→ Source material:
- - -
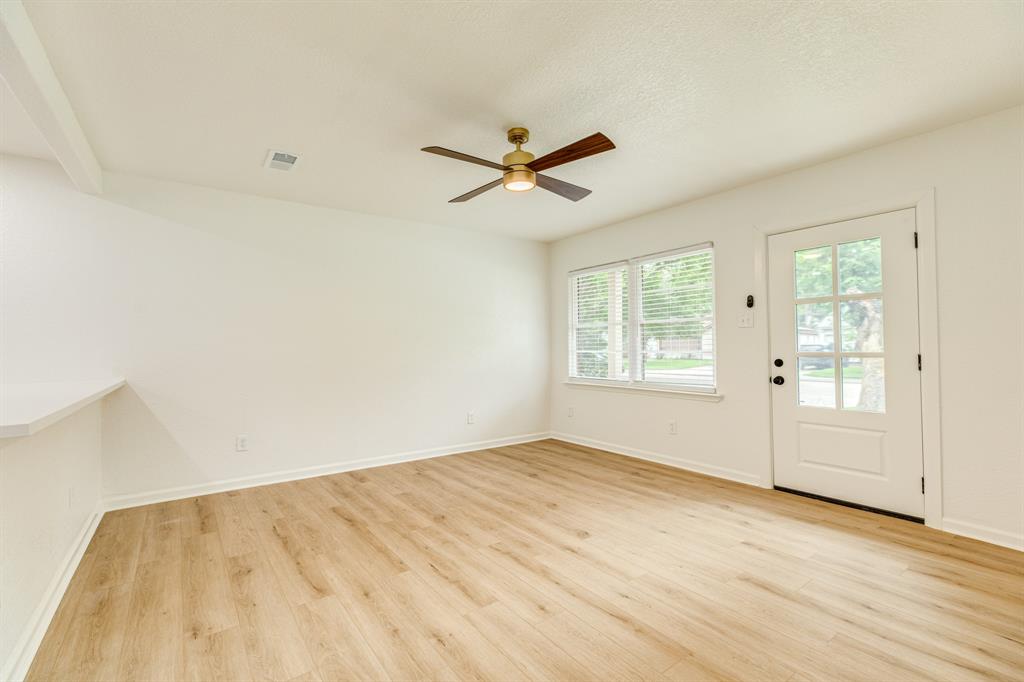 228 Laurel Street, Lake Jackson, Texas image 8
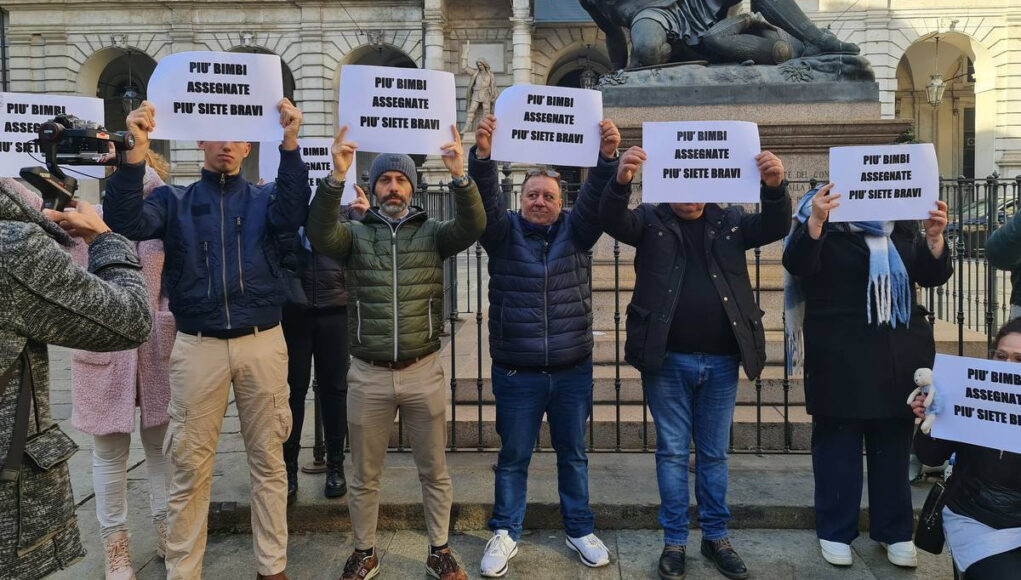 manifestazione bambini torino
- - -
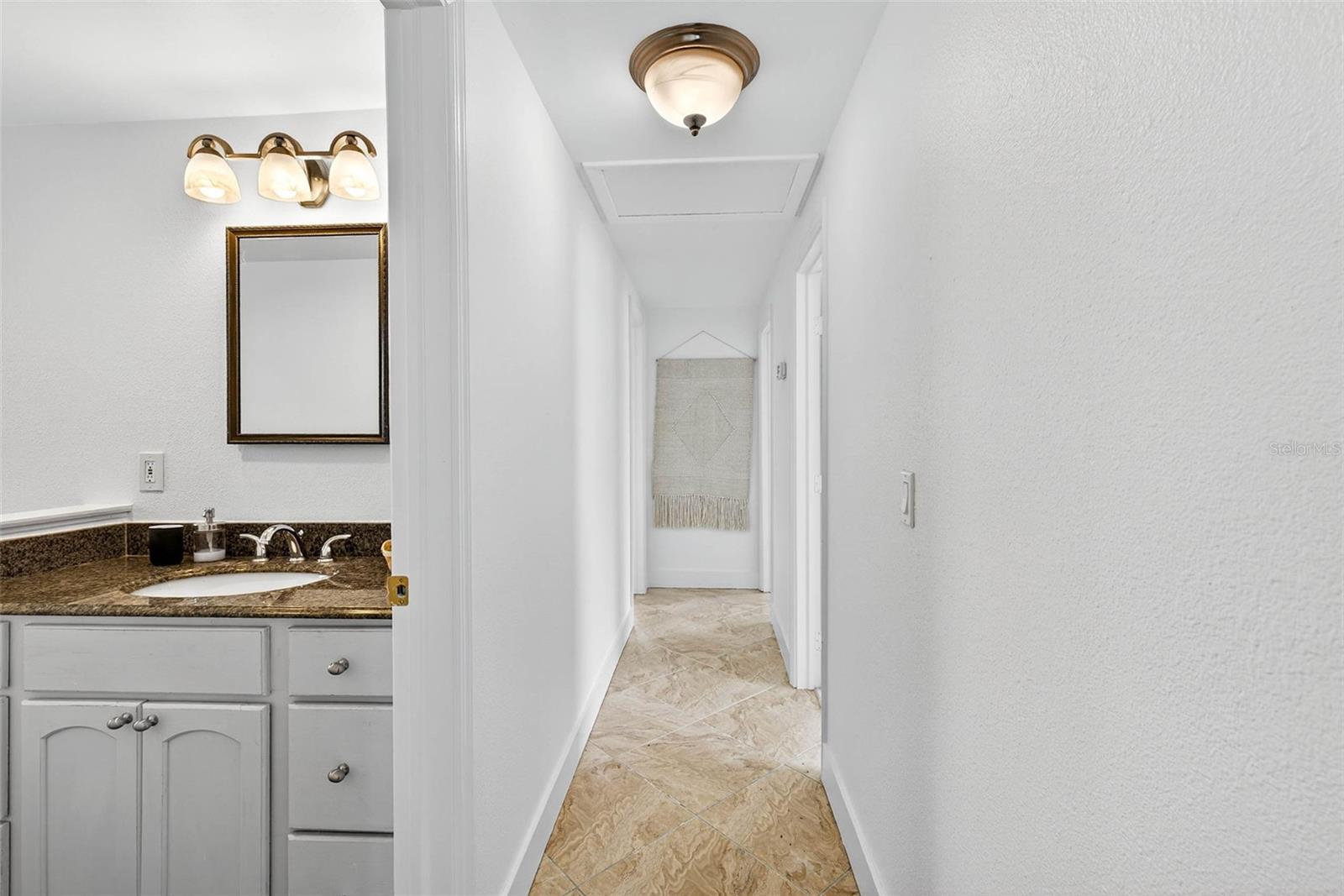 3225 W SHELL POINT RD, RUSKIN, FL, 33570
- - -
→ Work to complete: Within the data above, repeat exactly the lines from the one bearing "228 Laurel Street, Lake" through the one bearing "manifestazione bambini torino". Include no pictures and nothing else.

→ Answer section:
 228 Laurel Street, Lake Jackson, Texas image 8
 manifestazione bambini torino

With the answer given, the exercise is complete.